A proposta foi aprovada pela Comissão de Segurança Pública do Senado no ano passado, mas ainda aguarda a aprovação dos senadores da Comissão de Constituição e Justiça antes de ser encaminhada ao plenário. O projeto está atualmente aguardando a designação de um relator na comissão. Caso seja aprovado no Senado, a proposta seguirá para a Câmara dos Deputados.
A vadiagem chegou a figurar como crime no Código Criminal de 1830, na época do Brasil Império, e no Código Penal de 1890, já no período da República. A infração passou a ser uma contravenção penal (um crime de menor grau ofensivo) em 1941, durante o período do Estado Novo de Getúlio Vargas.
Nessa época, outras condutas também eram consideradas contravenções, como a adivinhação, a interpretação de sonhos e a mendicância. No entanto, legislações mais recentes revogaram a criminalização dessas práticas.
De acordo com o especialista em direito e processo penal e mestre em direito das relações sociais Leonardo Pantaleão, a criminalização da vadiagem começou durante a Revolução Industrial, no século 18, na Inglaterra, especialmente, relacionada à indústria têxtil emergente.
“A tipificação penal da vadiagem remonta a uma época em que prevalecia o chamado Direito Penal do Autor, ou seja, punia-se a pessoa pelo que ela era, não pelo que ela fazia”, afirma.
Ele detalha que, na época, os camponeses foram os primeiros e principais acusados por vadiagem, porque, com o advento da indústria, muitos camponeses foram expulsos do campo. Ao mesmo tempo, as leis penais os obrigavam a trabalhar na indústria urbana, resultando em uma migração forçada para o trabalho nas cidades.

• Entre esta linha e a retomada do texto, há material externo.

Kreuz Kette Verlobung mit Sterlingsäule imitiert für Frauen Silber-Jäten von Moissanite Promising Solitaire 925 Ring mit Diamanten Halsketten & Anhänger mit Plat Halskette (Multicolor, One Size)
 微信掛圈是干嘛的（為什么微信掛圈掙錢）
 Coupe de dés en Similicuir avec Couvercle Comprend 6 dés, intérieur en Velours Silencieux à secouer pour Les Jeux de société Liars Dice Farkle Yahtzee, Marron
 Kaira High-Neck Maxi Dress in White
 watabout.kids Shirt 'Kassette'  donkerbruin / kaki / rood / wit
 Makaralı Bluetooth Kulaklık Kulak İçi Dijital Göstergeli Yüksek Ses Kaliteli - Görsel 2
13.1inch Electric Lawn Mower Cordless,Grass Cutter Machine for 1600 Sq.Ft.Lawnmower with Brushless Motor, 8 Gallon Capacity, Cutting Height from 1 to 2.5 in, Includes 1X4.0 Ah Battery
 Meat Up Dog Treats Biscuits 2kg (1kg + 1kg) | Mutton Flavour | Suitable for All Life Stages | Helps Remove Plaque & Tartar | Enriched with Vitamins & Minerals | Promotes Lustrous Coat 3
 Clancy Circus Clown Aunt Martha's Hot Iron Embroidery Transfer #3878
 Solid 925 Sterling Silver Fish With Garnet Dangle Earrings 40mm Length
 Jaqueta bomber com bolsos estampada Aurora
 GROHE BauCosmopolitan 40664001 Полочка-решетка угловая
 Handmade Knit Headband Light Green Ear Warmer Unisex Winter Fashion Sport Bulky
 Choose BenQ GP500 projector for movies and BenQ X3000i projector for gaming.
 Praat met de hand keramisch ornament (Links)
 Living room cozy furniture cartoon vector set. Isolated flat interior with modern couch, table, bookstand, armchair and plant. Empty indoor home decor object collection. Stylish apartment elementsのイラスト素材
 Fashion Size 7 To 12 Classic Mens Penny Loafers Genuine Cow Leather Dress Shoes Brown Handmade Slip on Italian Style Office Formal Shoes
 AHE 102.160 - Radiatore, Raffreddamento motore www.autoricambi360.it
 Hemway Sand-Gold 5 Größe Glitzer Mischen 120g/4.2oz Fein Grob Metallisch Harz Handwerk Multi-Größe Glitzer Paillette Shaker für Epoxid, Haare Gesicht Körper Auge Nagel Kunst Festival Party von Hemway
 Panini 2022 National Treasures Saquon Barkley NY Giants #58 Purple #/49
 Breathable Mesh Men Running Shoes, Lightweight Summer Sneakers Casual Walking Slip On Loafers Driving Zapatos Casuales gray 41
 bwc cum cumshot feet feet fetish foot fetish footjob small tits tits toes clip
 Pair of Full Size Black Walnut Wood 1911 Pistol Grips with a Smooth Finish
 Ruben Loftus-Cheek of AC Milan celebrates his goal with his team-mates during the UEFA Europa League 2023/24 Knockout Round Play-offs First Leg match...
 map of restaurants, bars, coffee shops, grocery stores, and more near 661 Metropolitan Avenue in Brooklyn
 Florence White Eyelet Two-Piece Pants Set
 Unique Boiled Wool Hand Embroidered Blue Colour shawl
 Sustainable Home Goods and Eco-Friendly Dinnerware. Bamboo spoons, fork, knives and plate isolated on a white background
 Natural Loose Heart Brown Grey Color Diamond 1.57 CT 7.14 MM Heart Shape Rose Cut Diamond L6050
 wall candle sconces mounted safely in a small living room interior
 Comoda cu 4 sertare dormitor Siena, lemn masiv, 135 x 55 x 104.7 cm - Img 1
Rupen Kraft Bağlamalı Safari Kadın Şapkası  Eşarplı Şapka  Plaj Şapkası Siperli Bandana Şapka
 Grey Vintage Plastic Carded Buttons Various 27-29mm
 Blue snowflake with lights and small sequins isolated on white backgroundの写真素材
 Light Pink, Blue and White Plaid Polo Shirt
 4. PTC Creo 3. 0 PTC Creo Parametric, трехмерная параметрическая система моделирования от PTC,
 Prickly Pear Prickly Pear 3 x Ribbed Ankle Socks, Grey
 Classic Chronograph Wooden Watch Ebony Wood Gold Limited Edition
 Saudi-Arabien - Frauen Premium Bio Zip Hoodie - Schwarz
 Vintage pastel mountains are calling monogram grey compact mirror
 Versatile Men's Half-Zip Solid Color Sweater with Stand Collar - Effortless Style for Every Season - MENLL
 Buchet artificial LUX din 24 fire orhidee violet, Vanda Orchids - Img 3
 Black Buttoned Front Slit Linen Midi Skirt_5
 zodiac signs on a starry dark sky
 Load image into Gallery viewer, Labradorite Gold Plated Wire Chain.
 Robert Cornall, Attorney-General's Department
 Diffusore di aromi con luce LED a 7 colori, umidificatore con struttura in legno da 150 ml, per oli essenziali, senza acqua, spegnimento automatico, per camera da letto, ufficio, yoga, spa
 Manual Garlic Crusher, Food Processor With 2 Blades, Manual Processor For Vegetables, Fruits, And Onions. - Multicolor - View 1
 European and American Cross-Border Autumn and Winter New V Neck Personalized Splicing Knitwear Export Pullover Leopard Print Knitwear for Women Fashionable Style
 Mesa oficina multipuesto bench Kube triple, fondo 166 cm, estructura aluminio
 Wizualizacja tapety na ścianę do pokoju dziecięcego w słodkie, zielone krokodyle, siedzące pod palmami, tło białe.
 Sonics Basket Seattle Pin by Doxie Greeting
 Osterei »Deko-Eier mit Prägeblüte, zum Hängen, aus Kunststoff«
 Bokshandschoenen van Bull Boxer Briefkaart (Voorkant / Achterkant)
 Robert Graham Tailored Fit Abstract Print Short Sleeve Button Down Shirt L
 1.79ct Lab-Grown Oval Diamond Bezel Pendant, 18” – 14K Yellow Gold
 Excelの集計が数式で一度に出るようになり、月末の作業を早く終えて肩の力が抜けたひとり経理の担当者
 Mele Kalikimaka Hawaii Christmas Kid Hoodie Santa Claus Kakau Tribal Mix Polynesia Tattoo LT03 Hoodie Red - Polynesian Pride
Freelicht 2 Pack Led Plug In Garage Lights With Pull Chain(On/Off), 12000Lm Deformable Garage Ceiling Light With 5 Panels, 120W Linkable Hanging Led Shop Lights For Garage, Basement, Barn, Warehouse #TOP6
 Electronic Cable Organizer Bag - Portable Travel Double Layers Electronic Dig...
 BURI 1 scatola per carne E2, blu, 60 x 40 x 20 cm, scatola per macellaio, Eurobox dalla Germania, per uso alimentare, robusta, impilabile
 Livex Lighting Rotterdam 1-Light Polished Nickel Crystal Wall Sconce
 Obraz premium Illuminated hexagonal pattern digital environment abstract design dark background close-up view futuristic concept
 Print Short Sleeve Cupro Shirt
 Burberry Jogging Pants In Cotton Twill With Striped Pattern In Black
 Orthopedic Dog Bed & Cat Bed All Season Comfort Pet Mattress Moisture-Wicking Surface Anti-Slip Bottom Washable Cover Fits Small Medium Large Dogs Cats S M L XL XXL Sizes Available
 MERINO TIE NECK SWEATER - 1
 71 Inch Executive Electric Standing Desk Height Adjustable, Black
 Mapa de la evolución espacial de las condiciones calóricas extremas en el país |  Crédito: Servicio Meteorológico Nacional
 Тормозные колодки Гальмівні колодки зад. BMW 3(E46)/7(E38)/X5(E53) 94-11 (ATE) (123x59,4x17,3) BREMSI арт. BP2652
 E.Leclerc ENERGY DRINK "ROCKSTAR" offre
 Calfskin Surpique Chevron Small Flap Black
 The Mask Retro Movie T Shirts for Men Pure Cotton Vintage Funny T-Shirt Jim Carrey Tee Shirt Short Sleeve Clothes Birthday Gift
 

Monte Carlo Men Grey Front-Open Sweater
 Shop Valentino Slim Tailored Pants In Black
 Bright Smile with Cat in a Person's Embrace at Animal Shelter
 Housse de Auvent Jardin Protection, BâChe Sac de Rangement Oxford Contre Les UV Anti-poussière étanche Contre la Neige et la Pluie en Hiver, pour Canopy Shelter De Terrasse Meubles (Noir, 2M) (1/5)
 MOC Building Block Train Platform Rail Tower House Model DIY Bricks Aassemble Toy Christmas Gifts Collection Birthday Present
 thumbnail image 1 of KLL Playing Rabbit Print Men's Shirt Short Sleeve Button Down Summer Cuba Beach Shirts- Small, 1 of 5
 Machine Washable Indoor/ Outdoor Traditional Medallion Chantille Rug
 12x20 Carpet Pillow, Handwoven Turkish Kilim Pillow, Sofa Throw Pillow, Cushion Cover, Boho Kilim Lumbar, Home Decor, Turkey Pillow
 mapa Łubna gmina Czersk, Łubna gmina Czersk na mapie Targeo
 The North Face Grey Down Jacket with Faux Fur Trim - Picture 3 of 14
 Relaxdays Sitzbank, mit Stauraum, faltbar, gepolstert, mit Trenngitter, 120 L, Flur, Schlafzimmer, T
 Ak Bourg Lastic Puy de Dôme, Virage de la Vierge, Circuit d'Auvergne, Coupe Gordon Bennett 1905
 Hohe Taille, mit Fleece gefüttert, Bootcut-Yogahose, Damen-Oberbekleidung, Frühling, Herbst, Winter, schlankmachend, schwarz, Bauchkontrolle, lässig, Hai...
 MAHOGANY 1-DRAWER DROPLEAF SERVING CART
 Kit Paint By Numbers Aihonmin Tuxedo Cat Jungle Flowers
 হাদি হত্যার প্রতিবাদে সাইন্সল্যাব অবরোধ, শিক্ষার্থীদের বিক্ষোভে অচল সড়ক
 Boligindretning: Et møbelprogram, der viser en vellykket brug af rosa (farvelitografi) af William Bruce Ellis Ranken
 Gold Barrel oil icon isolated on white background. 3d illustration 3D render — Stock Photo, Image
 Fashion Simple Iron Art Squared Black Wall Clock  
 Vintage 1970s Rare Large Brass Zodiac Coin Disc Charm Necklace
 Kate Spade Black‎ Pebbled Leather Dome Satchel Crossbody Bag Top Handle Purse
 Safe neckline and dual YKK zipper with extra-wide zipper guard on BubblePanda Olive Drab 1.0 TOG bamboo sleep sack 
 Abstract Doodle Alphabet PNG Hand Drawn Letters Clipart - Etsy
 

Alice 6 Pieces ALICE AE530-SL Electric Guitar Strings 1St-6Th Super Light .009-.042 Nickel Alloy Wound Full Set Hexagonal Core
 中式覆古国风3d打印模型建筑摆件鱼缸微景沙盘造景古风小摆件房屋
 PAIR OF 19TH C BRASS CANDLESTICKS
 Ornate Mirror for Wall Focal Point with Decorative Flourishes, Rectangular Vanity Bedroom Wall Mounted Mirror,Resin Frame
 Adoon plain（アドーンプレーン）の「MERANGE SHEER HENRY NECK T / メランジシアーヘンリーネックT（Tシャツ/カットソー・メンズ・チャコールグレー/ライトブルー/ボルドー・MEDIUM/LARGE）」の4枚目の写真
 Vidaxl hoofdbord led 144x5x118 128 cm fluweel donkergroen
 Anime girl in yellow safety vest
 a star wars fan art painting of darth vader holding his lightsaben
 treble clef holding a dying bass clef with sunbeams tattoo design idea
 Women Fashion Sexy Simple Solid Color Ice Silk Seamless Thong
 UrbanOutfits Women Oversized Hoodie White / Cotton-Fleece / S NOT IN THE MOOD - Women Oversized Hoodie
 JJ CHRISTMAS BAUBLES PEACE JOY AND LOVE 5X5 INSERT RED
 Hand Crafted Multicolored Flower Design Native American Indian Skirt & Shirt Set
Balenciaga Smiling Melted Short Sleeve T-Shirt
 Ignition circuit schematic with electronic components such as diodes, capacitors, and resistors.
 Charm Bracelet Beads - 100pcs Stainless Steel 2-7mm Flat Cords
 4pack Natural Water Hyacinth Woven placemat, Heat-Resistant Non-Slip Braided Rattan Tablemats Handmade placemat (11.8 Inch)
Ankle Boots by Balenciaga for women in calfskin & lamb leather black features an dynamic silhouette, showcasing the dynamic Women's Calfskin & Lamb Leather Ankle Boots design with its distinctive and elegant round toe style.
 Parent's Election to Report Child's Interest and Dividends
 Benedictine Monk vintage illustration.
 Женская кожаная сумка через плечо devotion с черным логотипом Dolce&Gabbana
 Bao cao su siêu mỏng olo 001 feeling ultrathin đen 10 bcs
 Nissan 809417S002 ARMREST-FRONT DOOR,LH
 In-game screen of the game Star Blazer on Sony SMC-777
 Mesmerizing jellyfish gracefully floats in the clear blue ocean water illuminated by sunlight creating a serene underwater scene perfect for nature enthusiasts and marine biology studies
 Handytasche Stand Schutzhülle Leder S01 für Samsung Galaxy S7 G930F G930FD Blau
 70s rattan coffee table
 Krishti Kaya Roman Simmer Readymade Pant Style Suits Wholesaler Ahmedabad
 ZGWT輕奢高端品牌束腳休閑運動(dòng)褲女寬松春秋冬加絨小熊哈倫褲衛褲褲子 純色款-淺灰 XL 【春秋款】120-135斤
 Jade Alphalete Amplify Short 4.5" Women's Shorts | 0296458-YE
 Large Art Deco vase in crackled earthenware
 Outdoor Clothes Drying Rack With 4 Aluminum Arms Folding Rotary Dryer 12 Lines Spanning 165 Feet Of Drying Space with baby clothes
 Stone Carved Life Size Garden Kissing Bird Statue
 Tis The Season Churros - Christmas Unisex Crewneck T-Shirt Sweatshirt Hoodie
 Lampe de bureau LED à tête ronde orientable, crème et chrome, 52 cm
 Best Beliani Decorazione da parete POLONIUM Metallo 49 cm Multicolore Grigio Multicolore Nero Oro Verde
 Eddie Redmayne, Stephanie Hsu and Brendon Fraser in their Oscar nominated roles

Sem a proteção de leis trabalhistas, aqueles que se recusavam eram acusados de vagabundagem e punidos até mesmo com castigos físicos, como açoitamento, marcação a ferro quente e, em casos extremos, execução.
Pantaleão argumenta a favor da revogação da contravenção penal, pois a prática da vadiagem não causa desequilíbrio na sociedade e resulta em punições seletivas.
Na mesma linha, o advogado Acácio Miranda, especialista em direito penal e constitucional, diz que a vadiagem é uma “construção histórica preconceituosa”.
“É problemático pensar que a contravenção foi criada durante a Ditadura Militar e que os afetados pela lei são geralmente pessoas de certas classes sociais e em desvantagem social”, argumenta.
Para o advogado criminalista Rafael Paiva, faz sentido que a contravenção seja revogada. “A contravenção da vadiagem ainda está prevista, mas há muitos anos não é aplicada.”
Essa não é a primeira vez que o assunto é discutido no Congresso. O tema já foi debatido em 2010 e 2012, quando a Câmara dos Deputados aprovou duas propostas para modernizar a legislação. No entanto, essas propostas ficaram travadas no Senado e acabaram arquivadas em 2019.
Em 2021, o deputado Glauber Braga (Psol-RJ) propôs um projeto de lei para revogar o trecho referente à vadiagem na Lei das Contravenções Penais. Em 2023, a deputada Laura Carneiro (PSD-RJ) também apresentou uma proposta semelhante.